1. Help! Angles and Clocks

How would I go about figuring this out?

Mario was studying angles and wondered if during his math class the minute and hour hands of the clock formed a right angle. If his class meets from 6:00 P.M. to 6:50 P.M., is a right angle formed? If so, figure out to the nearest second when the hands form the right angle.

2. Re: Help! Angles and Clocks

What are the initial positions of the two hands, and at what angular speed in degrees per hour do the two hands move?

3. Re: Help! Angles and Clocks

I haven't a clue! Haha. This is all I was given to work with.

4. Re: Help! Angles and Clocks

Using the standard convention for measuring angles on the unit circle, at 6:00 pm, at what angle is the minute hand? The hour hand?

5. Re: Help! Angles and Clocks

Originally Posted by stallioncane
I haven't a clue! Haha. This is all I was given to work with.
FYI: He's giving you hints about how to start.

-Dan

6. Re: Help! Angles and Clocks

Well I've got it down to 6:16 but I can't figure out how to do the seconds.

7. Re: Help! Angles and Clocks

That's close to one of the valid times, but without knowing what you did, I can't really help.

8. Re: Help! Angles and Clocks

Honestly, I'm an early childhood education major. I busted out a Judy Clock and figured it out that way. Is there a particular formula I can use to find the seconds?

9. Re: Help! Angles and Clocks

Nevermind. Figured it out. Thanks!

10. Re: Help! Angles and Clocks

Are you familiar with angles on the unit circle?

11. Re: Help! Angles and Clocks

Hello, stallioncane!

Here is my approach to Clock-hands Problems.

Mario was studying angles and wondered if during his math class
the minute and hour hands of the clock formed a right angle.
If his class meets from 6:00 P.M. to 6:50 P.M., is a right angle formed?
If so, figure out to the nearest second when the hands form a right angle.

You might think that one answer looks like this:
Code:
              * * *
*           *
*               *
*                 *

*                   *
*         *-------- * 3
*         |         *
|
*        |        *
*               *
*           *
* * *
6
But this is incorrect.

By the time the minute hand has moved 90o to the "3",
. . the hour hand has already moved toward the "7".

The minute hand moves 360o in 60 minutes.
It moves $6^o$ per minute.
It starts at "12" (0o) and in the next $t$ minutes, it move $6t$ degrees.
The position of the minute hand at time $t$ is: . $M \:=\:6t$ degrees.

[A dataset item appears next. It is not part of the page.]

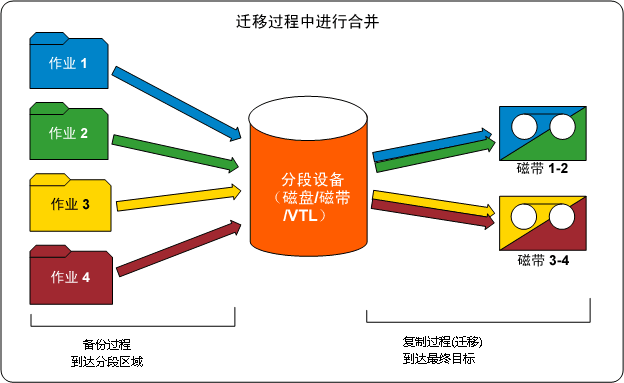 流程图 - 迁移后的会话合并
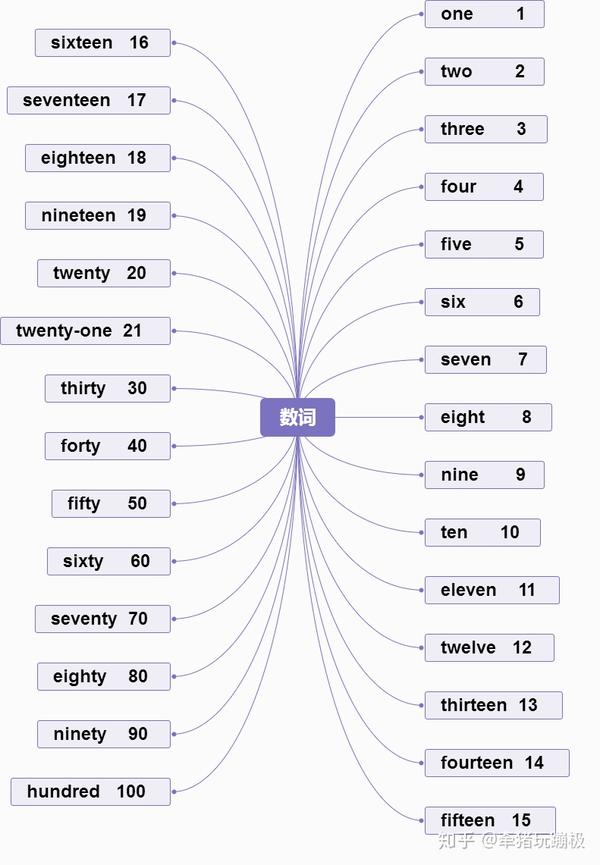小学英语数词思维导图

The hour hand moves 30o in 60 minutes.
It move $\tfrac{1}{2}^o$ per minute.
It starts at "6" (180o) and in the next $t$ minutes, it moves $\tfrac{1}{2}t$ degrees.
The position on the hour hand at time $t$ is: . $H \:=\:180 + \tfrac{1}{2}t$ degrees.

There are two possible cases.

[1] The hour hand is 90o ahead of the minute hand: . $H \:=\:M + 90$

. . . $180 + \tfrac{1}{2}t \:=\:6t + 90 \quad\Rightarrow\quad \tfrac{11}{2}t \:=\:90 \quad\Rightarrow\quad t \:=\:\tfrac{180}{11}$

. . . $t \:=\:16\tfrac{4}{11} \:=\:16\text{ minutes, }21.\overline{81}\text{ seconds}$

Time: 16 minutes, 22 seconds after 6 o'clock.

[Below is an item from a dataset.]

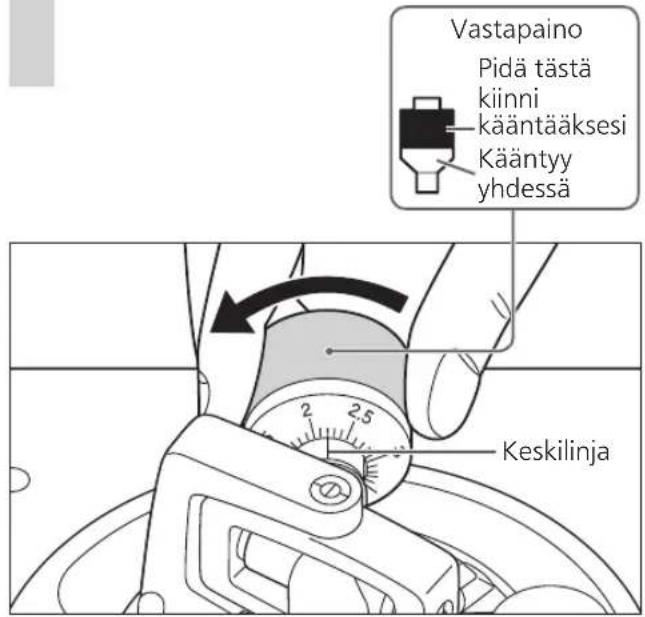TECHNICS EAHT700 - Kaannavastapainoa saataaksesi sopivan neulanpaineen aanirasiale. - 1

[2] The minute hand is 90o ahead of the hour hand: . $M \:=\:H + 90$

. . . $6t \:=\:180 + \tfrac{1}{2}t 90 \quad\Rightarrow\quad \tfrac{11}{2}t \:=\:270 \quad\Rightarrow\quad t \:=\:\frac{540}{11}$

. . . $t \:=\:49\tfrac{1}{11} \:=\:49\text{ minutes, }5.\overline{45}\text{ seconds}$

Time: 49 minutes, 5 seconds after 6 o'clock.